Yesterday I was on TV. Researchers at the Walter and Eliza Hall institute in Melbourne made a significant breakthrough on HIV, and the media needed someone to be the voice of positive people. In my PLWHA Victoria role, this duty falls to me.
It’s not often that the Australian news media take this much interest in HIV issues at all, and when they do it’s typically bad news, so it was refreshing to see this much interest in a ‘good news’ story. The fact that the news release had the words ‘HIV’ and ‘cure’ in it probably helped (the last time the commercial TV news became interested in HIV science, that news release had the ‘C’ word in it too, so I’m seeing a pattern; from now on all my news releases will have ‘HIV cure’ in the headline).
So I scrubbed up, borrowed a clean shirt (thanks Nathan), and choofed off to WEHI to do my bit for the cause. Here’s the resulting ABC TV News item. Read on over the page for the horrifying truth.
(The Channel 10 version is also available, on YouTube, if you’re really keen.)
TV journalism is my least favourite form of the craft, but I find the process fascinating and I don’t mind doing these tasks when they occasionally come up. As Nöel Coward said, “Television is not for looking at; is for appearing on.”
It also takes a phenomenal amount of time to produce. The two-minute story above took an hour and a half to shoot, and who knows how much longer to edit and produce. Most of this time is consumed by shooting “cutaways” – the shots of researchers looking into microscopes and mucking about with petri dishes, pipettes and so on. All of this is staged, of course, and involves a lot of coloured water. The journos joked a lot about how clichéd these shots are, but I feel for them – what else are you going to do?
If you watched the clip above, you will have also seen lots of cute little white mice, their red eyes observing the camera with curious delight. The news crews asked if they could get some lab mice brought up to the lab so they could film them, and the WEHI people happily complied.
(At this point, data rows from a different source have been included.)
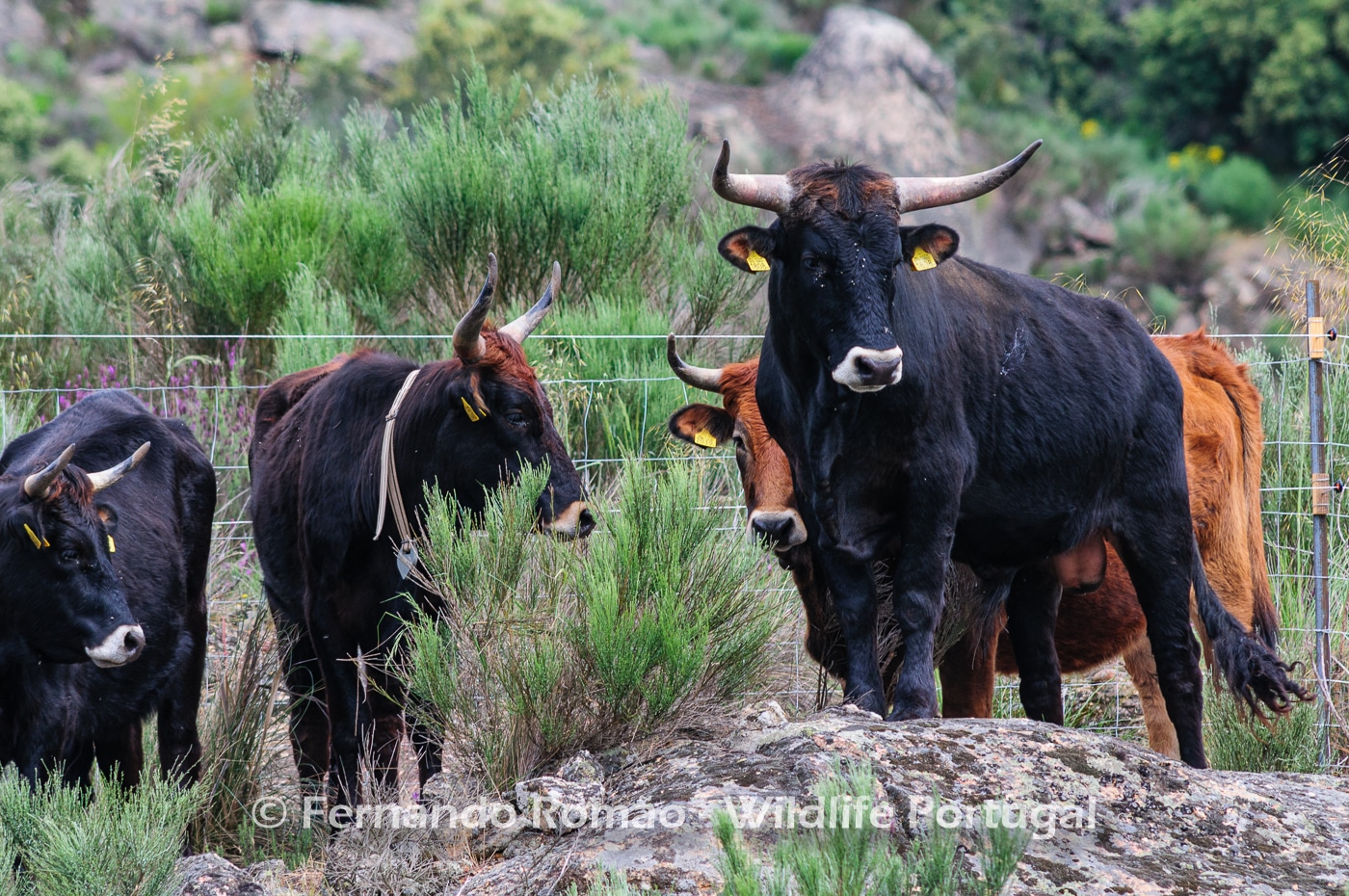 romao.photography@gmail.com Tauros
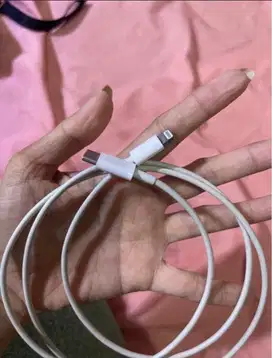Kabel iPhone bawaan, C to Lightning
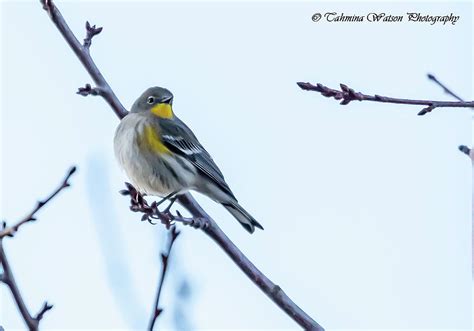 Yellow Rumped Warbler Photograph By Tahmina Watson Fine Art America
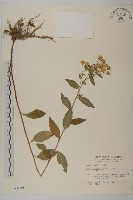 山白蘭藏品圖，第1張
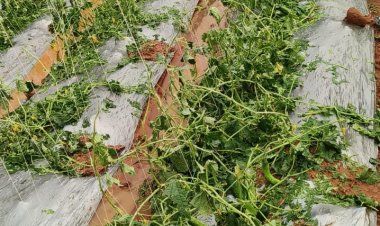 बेमौसम बारिश एवं ओलावृष्टि से फसलों को भारी नुकसान, किसानों को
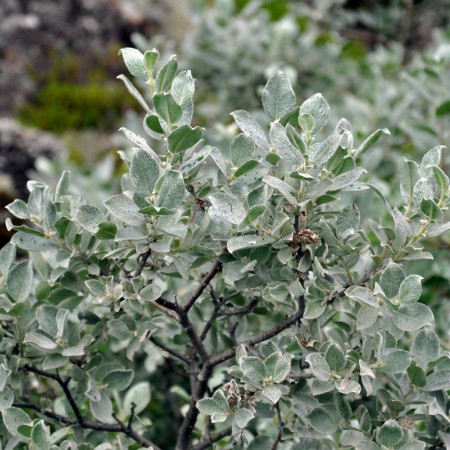 Ива мохнатая Ланата 60-80 см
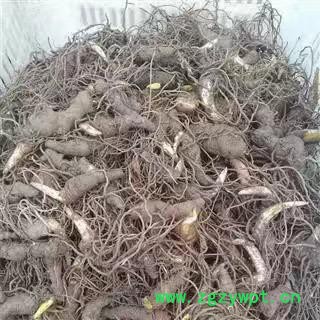 重楼种苗块茎批发种植技术图2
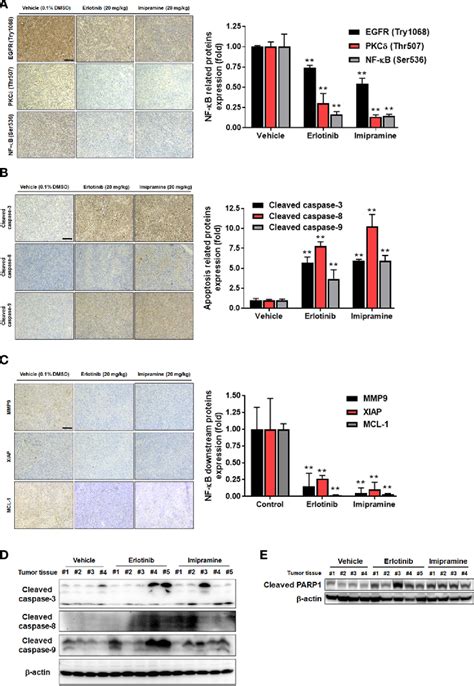 Suppression Of Egfr Pkc Nf B Signaling Associated With Imipramine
It took a little while but eventually the little scamps arrived, in their perspex cage, from the mouse lab, or mouse farm, or mouse house, or wherever it is they keep the mice.
TV news person: Oh, the mice are here. Let’s get some shots of one of the lab assistants working with the mice.
[Lab assistant sits down and starts pulling mice out of, and putting back into the cage. Cameramen ask for the guy to hold the mouse in his hands, let it climb on his arm, etc. Lab assistant duly complies and I'm struck by how docile and compliant the little fellas are.]
Me: If he drops the mouse, will it make a run for it? That could result in some compelling news footage.
Researcher: No, these mice live their entire lives in those cages; they don’t know anything else. If you put them down on the floor, they just sit there, looking confused.
TV news person: OK, we’re just about done with the mice. They can go back to their home in a few minutes.
Researcher: Oh, they won’t be going back. Once they’re taken out of the mouse lab they are contaminated, so these mice will be euthanised this afternoon.
TV news person: [who has turned white with horror] Oh well, I didn’t realise that. But they died for the greater good.
Me: I don’t think the Channel 10 evening news qualifies as ‘the greater good.”